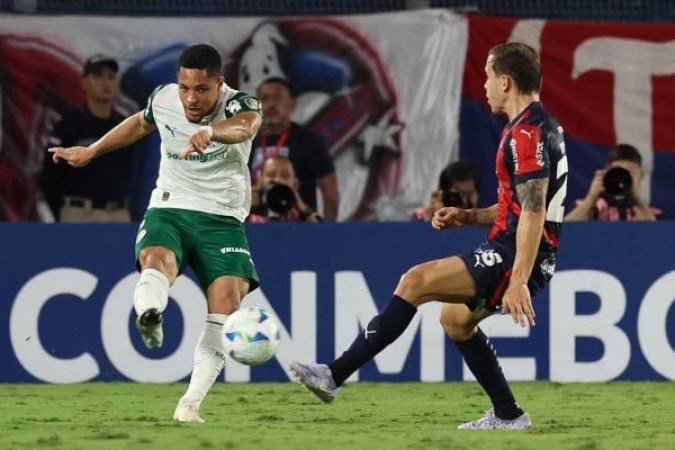 VITOR ROQUE - Sem muita participação no primeiro tempo, quando teve uma grande oportunidade de ampliar o placar, perdeu um gol incrível cara a cara com o goleiro, após sair em contra-ataque. Na segunda etapa, parece que voltou sem segurança no ataque, mas ajudou na defesa. Porém, no apagar das luzes, fechou a conta no Paraguai. Após lançamento de Paulinho, driblou a marcação para balançar as redes. NOTA: 7,5 - Foto: Cesar Greco/Palmeiras/by Canon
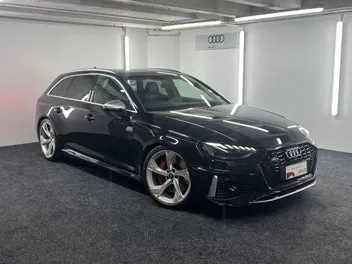 Audi Rs4 2023 photo 2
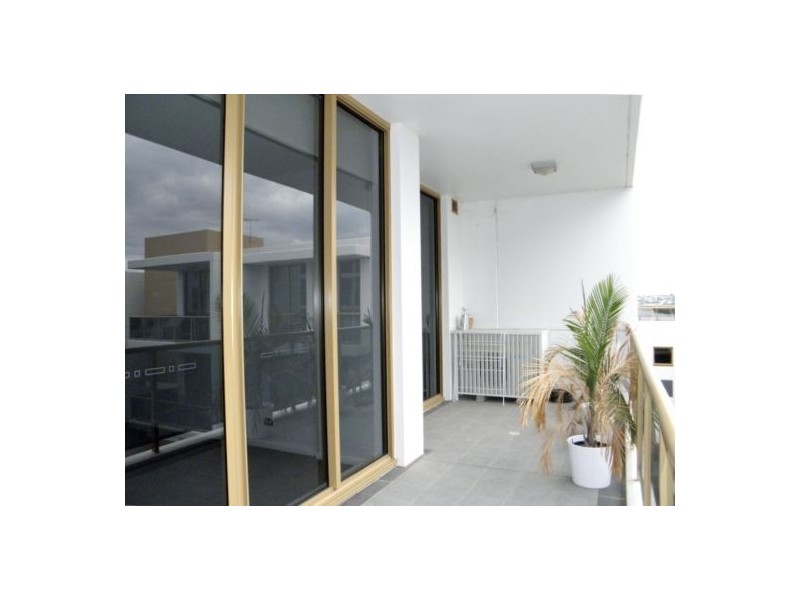 918/89 Shoreline Drive (Cnr Meredith St), Rhodes NSW 2138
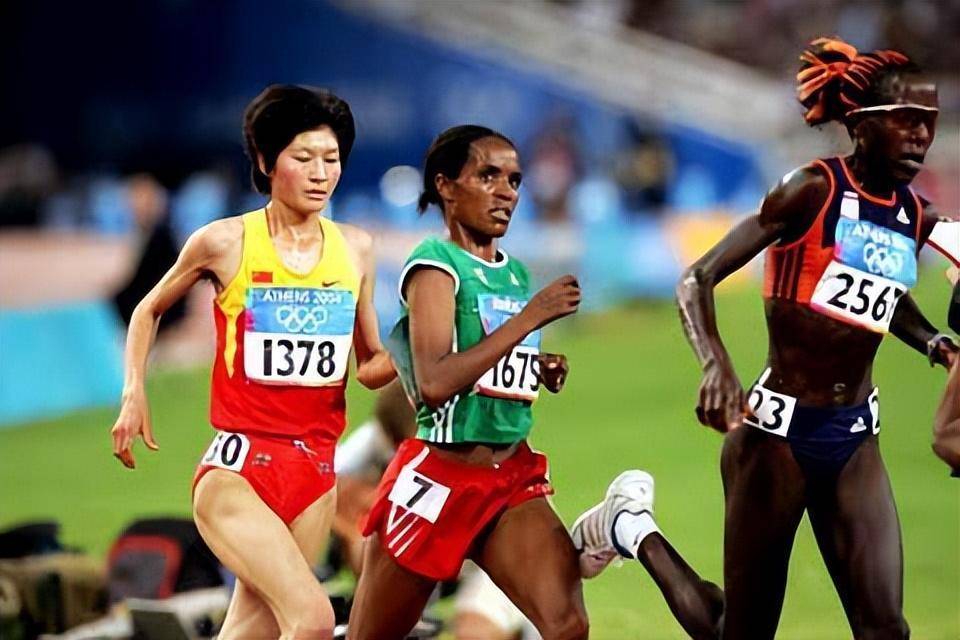 说到邢慧娜夺冠后的生活,简直就是一个反转再反转的故事.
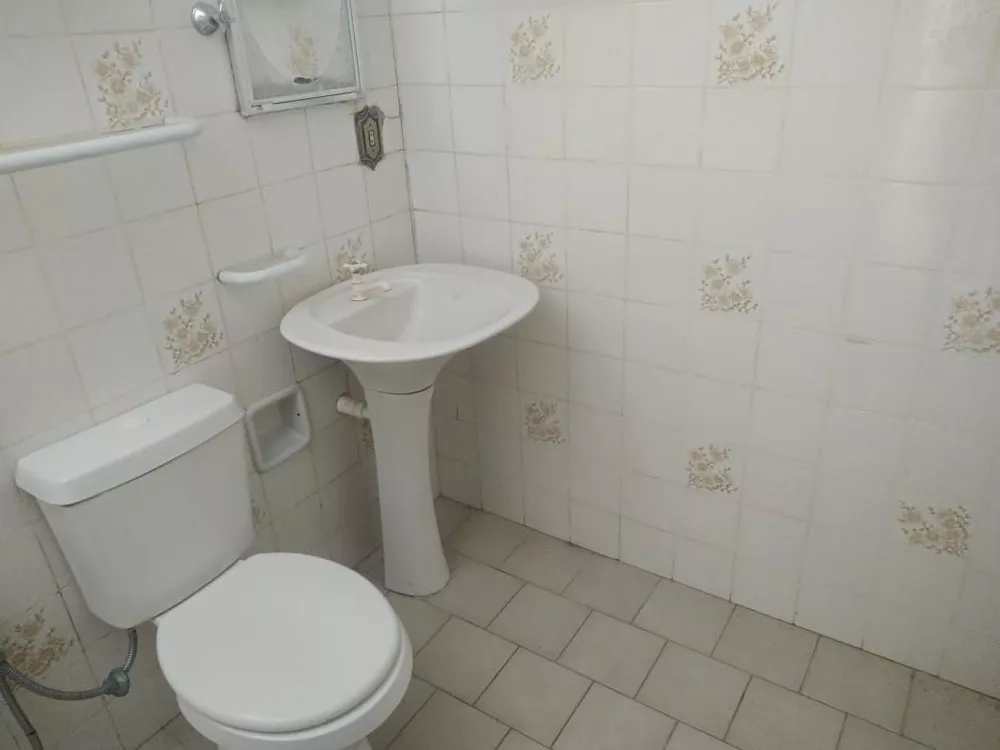 Apartamento à venda com 2 quartos, 47m² - Foto 2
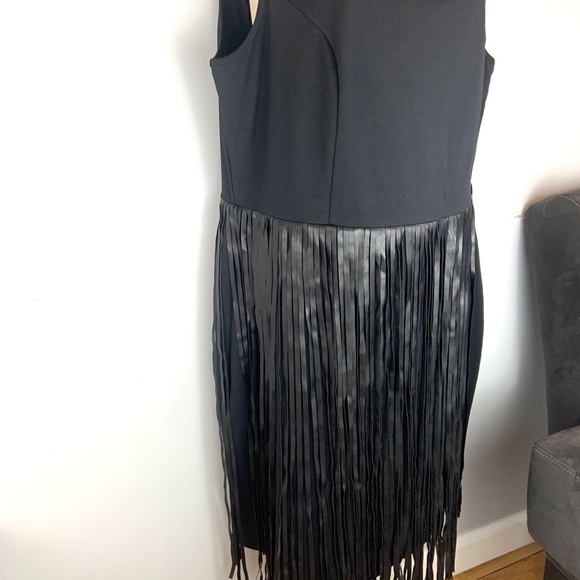 One piece dress !! Stunning and different ! NWT - Picture 4 of 9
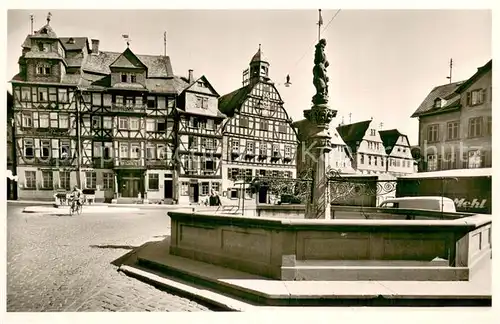 AK / Ansichtskarte Butzbach Marktplatz Brunnen Altstadt Fachwerkhaeuser Butzbach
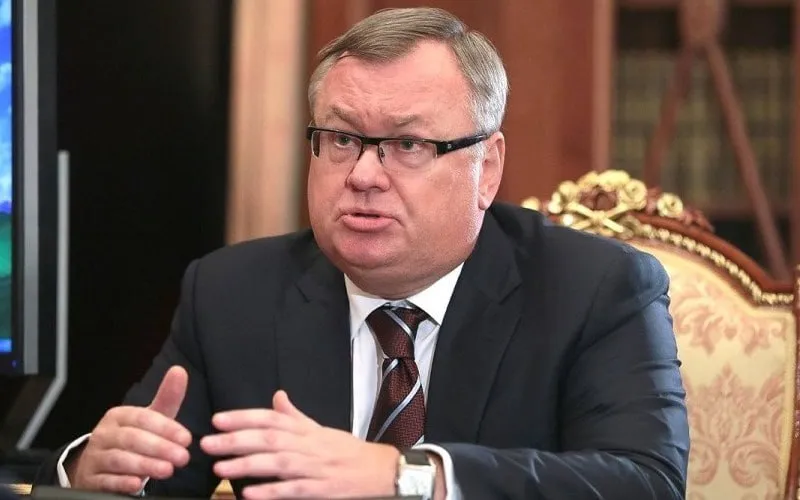 Андрей Костин оценил перспективы рынка золота Глава ВТБ Андрей Костин не ожидает резкого падения цен на золото или драматического ослабления рубля в 2026 году Ключевые оценки золото сохраняет статус защитного актива на долгосрочном горизонте фундаментальный уровень цен около 4000 за унцию существенного снижения котировок не прогнозируется Я не думаю что золото сильно будет снижаться Понятно что на фоне политической нестабильности цена на золото выросла в том числе благодаря активным закупкам золота Китаем Но движения назад я особого не вижу отметил Костин Среди факторов роста цен геополитическая нестабильность активные закупки золота Китаем постепенный выход ряда стран из американских гособлигаций При этом отмечается рост себестоимости добычи и тенденция к консолидации отрасли Рынок ВТБ Золото ИтогиМир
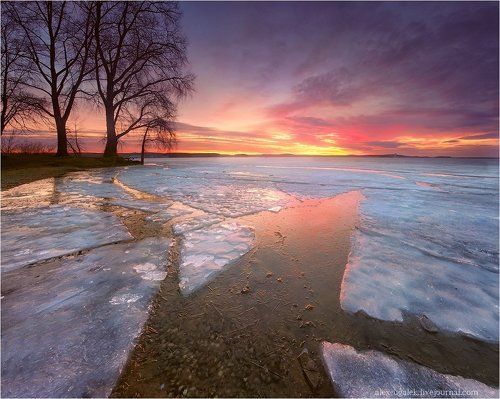 Весна на Минском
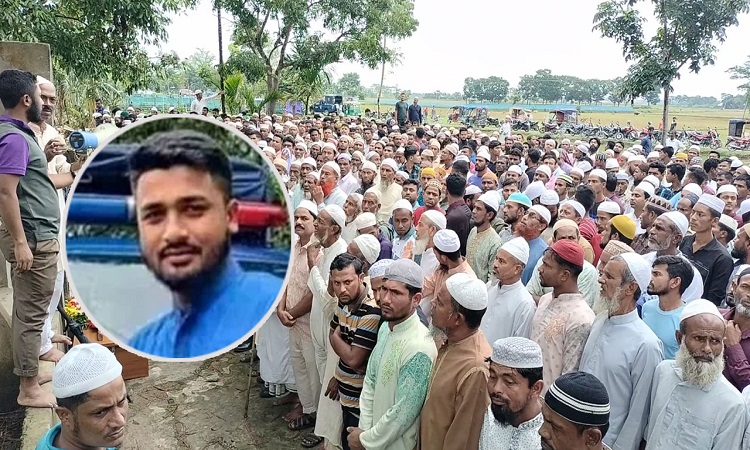 সহকর্মীর গুলিতে নিহত কনস্টেবল মনিরুলের দাফন সম্পন্ন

- - - - - - -

Could you reproduce the records above exactly, leaving out every picture?

 VITOR ROQUE - Sem muita participação no primeiro tempo, quando teve uma grande oportunidade de ampliar o placar, perdeu um gol incrível cara a cara com o goleiro, após sair em contra-ataque. Na segunda etapa, parece que voltou sem segurança no ataque, mas ajudou na defesa. Porém, no apagar das luzes, fechou a conta no Paraguai. Após lançamento de Paulinho, driblou a marcação para balançar as redes. NOTA: 7,5 - Foto: Cesar Greco/Palmeiras/by Canon
 Audi Rs4 2023 photo 2
 918/89 Shoreline Drive (Cnr Meredith St), Rhodes NSW 2138
 说到邢慧娜夺冠后的生活,简直就是一个反转再反转的故事.
 Apartamento à venda com 2 quartos, 47m² - Foto 2
 One piece dress !! Stunning and different ! NWT - Picture 4 of 9
 AK / Ansichtskarte Butzbach Marktplatz Brunnen Altstadt Fachwerkhaeuser Butzbach
 Андрей Костин оценил перспективы рынка золота Глава ВТБ Андрей Костин не ожидает резкого падения цен на золото или драматического ослабления рубля в 2026 году Ключевые оценки золото сохраняет статус защитного актива на долгосрочном горизонте фундаментальный уровень цен около 4000 за унцию существенного снижения котировок не прогнозируется Я не думаю что золото сильно будет снижаться Понятно что на фоне политической нестабильности цена на золото выросла в том числе благодаря активным закупкам золота Китаем Но движения назад я особого не вижу отметил Костин Среди факторов роста цен геополитическая нестабильность активные закупки золота Китаем постепенный выход ряда стран из американских гособлигаций При этом отмечается рост себестоимости добычи и тенденция к консолидации отрасли Рынок ВТБ Золото ИтогиМир
 Весна на Минском
 সহকর্মীর গুলিতে নিহত কনস্টেবল মনিরুলের দাফন সম্পন্ন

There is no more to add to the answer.